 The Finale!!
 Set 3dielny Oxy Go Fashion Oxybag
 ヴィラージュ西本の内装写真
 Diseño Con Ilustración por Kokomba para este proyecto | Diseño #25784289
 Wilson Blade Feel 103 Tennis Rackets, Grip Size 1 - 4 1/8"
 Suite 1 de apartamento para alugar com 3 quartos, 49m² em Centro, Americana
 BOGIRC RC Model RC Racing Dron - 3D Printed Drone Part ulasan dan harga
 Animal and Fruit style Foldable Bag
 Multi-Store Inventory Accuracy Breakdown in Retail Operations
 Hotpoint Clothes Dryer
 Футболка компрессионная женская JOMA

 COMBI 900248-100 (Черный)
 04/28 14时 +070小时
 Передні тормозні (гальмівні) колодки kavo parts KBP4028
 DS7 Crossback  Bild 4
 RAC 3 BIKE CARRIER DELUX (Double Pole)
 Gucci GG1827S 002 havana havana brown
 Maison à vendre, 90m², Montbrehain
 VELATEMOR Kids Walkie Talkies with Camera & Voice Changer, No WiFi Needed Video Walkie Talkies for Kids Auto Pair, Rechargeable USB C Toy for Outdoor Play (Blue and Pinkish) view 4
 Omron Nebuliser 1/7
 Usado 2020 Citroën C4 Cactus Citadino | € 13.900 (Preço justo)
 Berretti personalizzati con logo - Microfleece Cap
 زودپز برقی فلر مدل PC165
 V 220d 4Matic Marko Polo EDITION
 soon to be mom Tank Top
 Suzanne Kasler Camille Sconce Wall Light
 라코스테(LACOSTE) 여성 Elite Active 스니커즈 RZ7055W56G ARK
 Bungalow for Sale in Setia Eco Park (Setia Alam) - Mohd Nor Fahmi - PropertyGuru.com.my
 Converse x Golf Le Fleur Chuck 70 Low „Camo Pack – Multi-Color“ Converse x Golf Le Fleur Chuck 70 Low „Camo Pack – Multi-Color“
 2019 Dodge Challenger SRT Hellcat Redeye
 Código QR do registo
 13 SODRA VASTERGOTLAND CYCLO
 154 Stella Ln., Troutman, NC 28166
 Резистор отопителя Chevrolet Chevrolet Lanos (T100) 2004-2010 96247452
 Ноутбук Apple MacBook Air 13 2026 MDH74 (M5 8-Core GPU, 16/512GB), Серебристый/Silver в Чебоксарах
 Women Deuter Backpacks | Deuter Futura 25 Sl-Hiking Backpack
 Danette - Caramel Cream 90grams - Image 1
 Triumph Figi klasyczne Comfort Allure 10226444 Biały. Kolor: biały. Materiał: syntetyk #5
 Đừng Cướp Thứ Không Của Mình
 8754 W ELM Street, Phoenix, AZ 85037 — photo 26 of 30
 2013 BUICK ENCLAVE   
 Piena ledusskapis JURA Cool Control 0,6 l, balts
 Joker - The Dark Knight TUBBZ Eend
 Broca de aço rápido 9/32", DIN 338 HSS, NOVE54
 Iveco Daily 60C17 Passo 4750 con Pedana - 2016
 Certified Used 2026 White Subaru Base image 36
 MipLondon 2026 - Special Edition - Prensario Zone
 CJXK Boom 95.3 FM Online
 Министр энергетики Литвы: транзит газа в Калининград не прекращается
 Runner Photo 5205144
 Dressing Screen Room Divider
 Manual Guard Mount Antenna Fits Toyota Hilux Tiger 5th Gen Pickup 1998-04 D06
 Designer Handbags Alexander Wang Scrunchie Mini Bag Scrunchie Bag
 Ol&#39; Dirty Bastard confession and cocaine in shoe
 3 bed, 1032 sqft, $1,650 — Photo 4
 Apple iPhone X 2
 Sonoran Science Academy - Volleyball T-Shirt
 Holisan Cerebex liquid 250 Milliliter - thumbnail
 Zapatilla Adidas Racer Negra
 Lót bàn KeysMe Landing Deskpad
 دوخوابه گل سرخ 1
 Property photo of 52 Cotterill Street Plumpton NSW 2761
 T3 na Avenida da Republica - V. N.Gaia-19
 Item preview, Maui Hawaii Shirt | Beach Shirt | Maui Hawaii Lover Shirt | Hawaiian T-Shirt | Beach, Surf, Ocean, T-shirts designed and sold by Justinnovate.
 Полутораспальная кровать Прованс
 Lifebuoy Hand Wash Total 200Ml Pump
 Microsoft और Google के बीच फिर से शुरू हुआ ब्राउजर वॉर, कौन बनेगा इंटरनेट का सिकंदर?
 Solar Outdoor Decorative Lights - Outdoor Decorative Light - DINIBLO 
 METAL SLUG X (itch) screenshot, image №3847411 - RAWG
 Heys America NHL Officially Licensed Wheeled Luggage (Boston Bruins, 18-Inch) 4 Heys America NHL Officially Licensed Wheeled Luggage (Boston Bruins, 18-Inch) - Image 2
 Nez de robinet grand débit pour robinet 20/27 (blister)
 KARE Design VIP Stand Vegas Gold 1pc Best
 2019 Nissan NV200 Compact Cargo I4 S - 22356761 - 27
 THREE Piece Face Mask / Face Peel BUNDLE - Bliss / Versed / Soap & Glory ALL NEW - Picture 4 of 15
◇ ◇ ◇ ◇ ◇ ◇ ◇
* Your assignment *
Read the data above. Pull out each line in which the string "Light" appears.

* Exercise result *
 Suzanne Kasler Camille Sconce Wall Light
 Solar Outdoor Decorative Lights - Outdoor Decorative Light - DINIBLO 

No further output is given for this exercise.